E Morin sur Sartre

 

C'est plus tard que se situe mon « incident Sartre » à Rome. Adolescent, j'avais aimé La Nausée, Le Mur, notamment « l'enfance d'un chef». J'avais intégré dans l'élaboration de mon livre Le Cinéma ou l'homme imaginaire bien des éléments de son essai intitulé L'Imaginaire. J'avais applaudi sous l'Occupation à sa pièce Les Mouches, que je considérais d'esprit résistant (bien que Sartre et Beauvoir n'aient nullement participé à la Résistance, à la différence de Camus) et j'avais écrit un article que je destinais aux Lettres françaises clandestines, opposant !'Antigone d'Anouilh, d'esprit collaborationniste, aux Mouches de Sartre (l'article n'arriva pas à destination). Après la Libération, je lisais avec intérêt Les Temps modernes et j'y fis même, en 1952, un article sur la mythologie du Festival de Cannes, ce fut ma seule collaboration avec la revue sartrienne. Auparavant, les opposants culturels du Parti, dont Dionys et moi étions à la pointe, défendirent Sartre contre les accusations les plus ignoblement grotesques, faisant croire que cette « hyène dactylographique », selon l'expression de Fadeev, touchait chaque mois son « salaire d'anticommuniste à l'ambassade américaine », entre autres inepties.

En 1952, bien que et parce que exclu du Parti, je pris l'initiative de demander à Gilles Martinet de réunir un certain nombre d'intellectuels, dont Sartre, pour protester contre l'arrestation de Jacques Duclos. Je raconte l'histoire de cette pétition qui avait été mon initiative et dont mon nom fut écarté sur exigence communiste (voir p. 201).
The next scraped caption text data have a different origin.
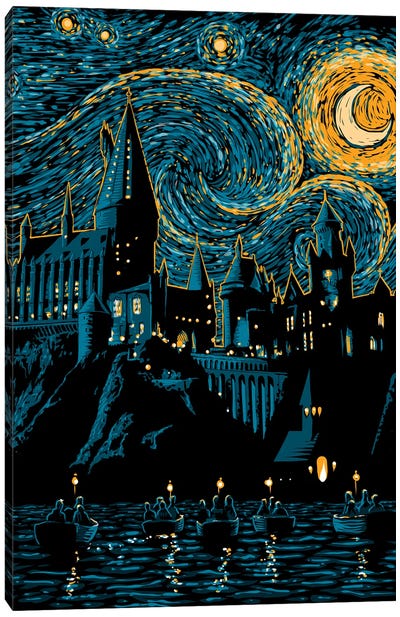 Starry School Canvas Art Print - Starry Night Collection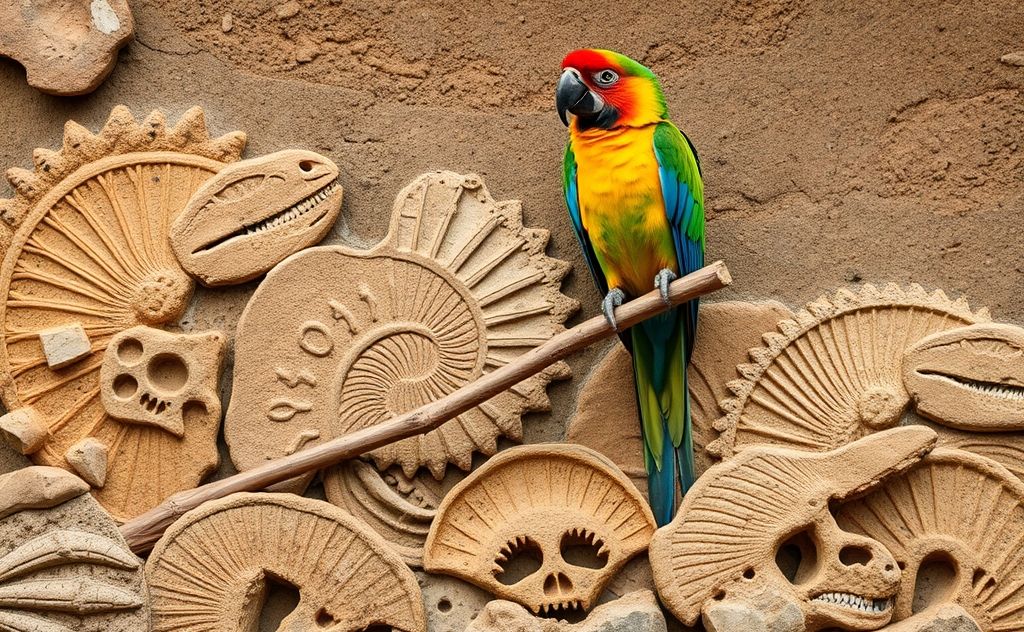 A colorful parrot perched on a branch surrounded by ancient dinosaur fossils.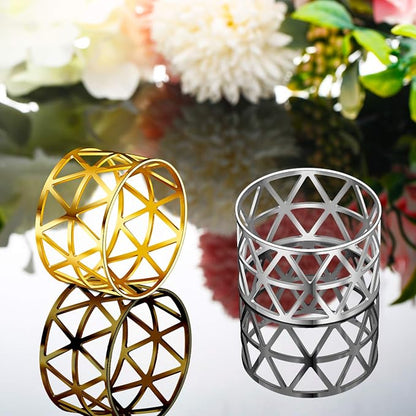 Patelai 12 Pieces Napkin Rings Hollow Out Napkin Holders Xmas Napkin Buckle - Image 7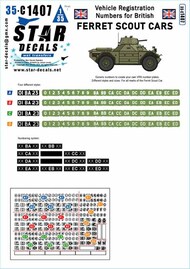  Star Decals  1/35 Ferret Scout Cars - Vehicle Registration Numbers for British Ferrets OUT OF STOCK IN US, HIGHER PRICED SOURCED IN EUROPE SRD35C1407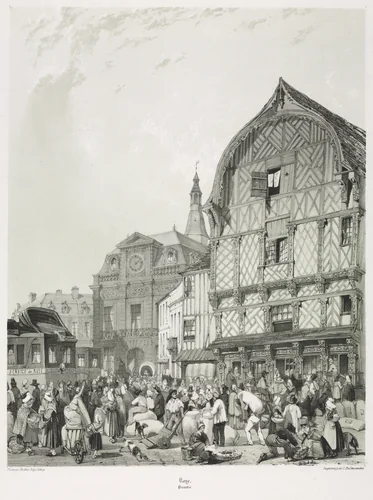 Picturesque and Romantic Journeys in Old France, Picardie (Vol. 2): Roye (Voyages pittoresques et romantiques dans l'ancienne France par Charles Nodier, J. Taylor, et Alphonse de Cailleux: Roye) by Thomas Shotter Boys, print, 1824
En fait, Sartre et moi cheminions en sens inverse, et bientôt adverse. Il partait du très subjectif existentialisme pour aller vers le marxisme et d'un vague sentiment de gauche pour se tourner vers le soutien à l'URSS. En fait, nous nous croisâmes en 1952, puis, progressivement, nous éloignâmes. Il devint « compagnon de route » du Parti, écrivit que tout anticommuniste était un chien, jeta dans l'infamie tant d'esprits lucides qui, ayant fait l'expérience communiste, de Souvarine à Trotski, de Sperber à Koestler, en dénonçaient le mensonge, la bêtise et la cruauté. Il fut très malheureux du rapport Khrouchtchev dénonçant les crimes de Staline et déplora sa publication qui allait « désespérer Billancourt ». Il ne cessa de vivre dans l'illusion politique la plus totale jusqu'à ce que, bien qu'ayant perdu la vue, son ex-jeune mentor maoïste, Pierre Victor, redevenu Benny Lévy, le désaveuglât politiquement peu avant sa mort, en 1980. Je passe sur mon opposition aux sartriens, notamment pendant la guerre d' Algérie, que je traite dans mon chapitre consacré à ce conflit, et j'en reviens à Rome.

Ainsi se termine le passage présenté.